Keeping Home in Home Health Care

This week, I placed a call to the corporate nursing agency, which is the new nursing agency that has taken over our local nursing agency that provided the nurses for Caroline’s care. I found out through the grapevine that a new rule was put into place that states nurses will not be allowed to transport clients as they have done in the past. I was shocked to hear about this rule. We have always relied on the nurses to move Caroline around. So I questioned the rule. Someone referred me to the cooperate office in New Jersey. The first flag that went up: Why do I need to contact “corporate” to answer this question?

I followed through and after three calls back and forth I finally got through to corporate. I talked to someone in their legal department to ask why the nurses were no longer able to transport clients. After about 60 minutes of this conversation… I still didn t know why.

Let me fill you in.

First off, all the nurses were in service and told that they would no longer be able to transport clients. This was news to me because I feel that if a NEW rule was going to be made that will affect the clients then just maybe it should have been brought up to the client first… and maybe even give us a time to adjust to the new rule.

Secondly, if a new rule was going to be made, I would think that just maybe the nurses would be told a little more formally rather than just another item on a list that is being offered at an in-service that was held on their time and without pay. Something just doesn’t seem professional about how this all transpired.
I then asked the person from legal for clarification on this and she explained that my daughter uses Medicaid as a secondary medical insurance and most of the funds used for nursing come directly from Medicaid which is a federal program for children with disabilities. She said the Federal Government has rules. These rules state that the nurse must provide care to the client and be at the client’s side for the entire shift. She offered a scenario where the nurse is transporting Caroline by van and Caroline goes into respiratory distress and the nurse had to pull over to treat her and then couldn’t resuscitate her and she died corporate would be liable. I said I understand this situation very well.

Then I asked, so what if the nurse had to use the restroom, and she left Caroline’s side for five minutes, and Caroline went into respiratory distress and by the time she got to her she wasn’t able to resuscitate her and she died, would corporate make a rule that the nurses weren’t allowed to use the bathroom while they were working? She didn’t like this response and told me so and informed me that this was a completely different situation.

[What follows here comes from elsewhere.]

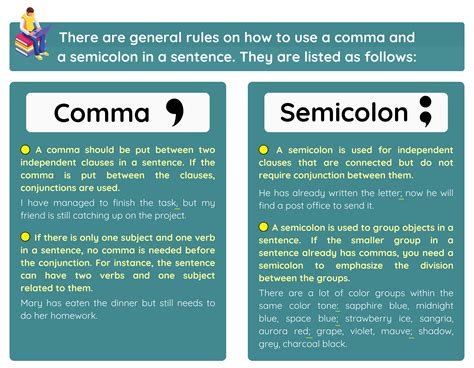 Semicolon Vs Comma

I, for one, fail to see the difference.

I then took over the conversation and told her that I feel that since the, “take over,” I feel that we are trying to institutionalize the HOME health care system by imposing rules and regulations that fit an institution and not a HOME. I also mentioned that I will be looking for a smaller nursing agency that remembers their roots by keeping the HOME in home health care.

I also reported that my Medicaid also felt the need to solicit information from my employer as to the hours I work in a typical day and even how far I travel to and from work to help them decide on the number of hours of nursing I will need when I asked for additional hours. It really sounds like Medicaid is interested in me continuing working and not taking off every time Caroline needs to see a dentist or get weighed at a physical appointment at the doctor’s office.

To be fair, as our conversation ended, corporate did say they would contact the Harrisburg office to work out a solution to the transportation issue. I called the Harrisburg office a week later and they haven t heard from corporate yet.

Or maybe we are just waiting for the next in-service?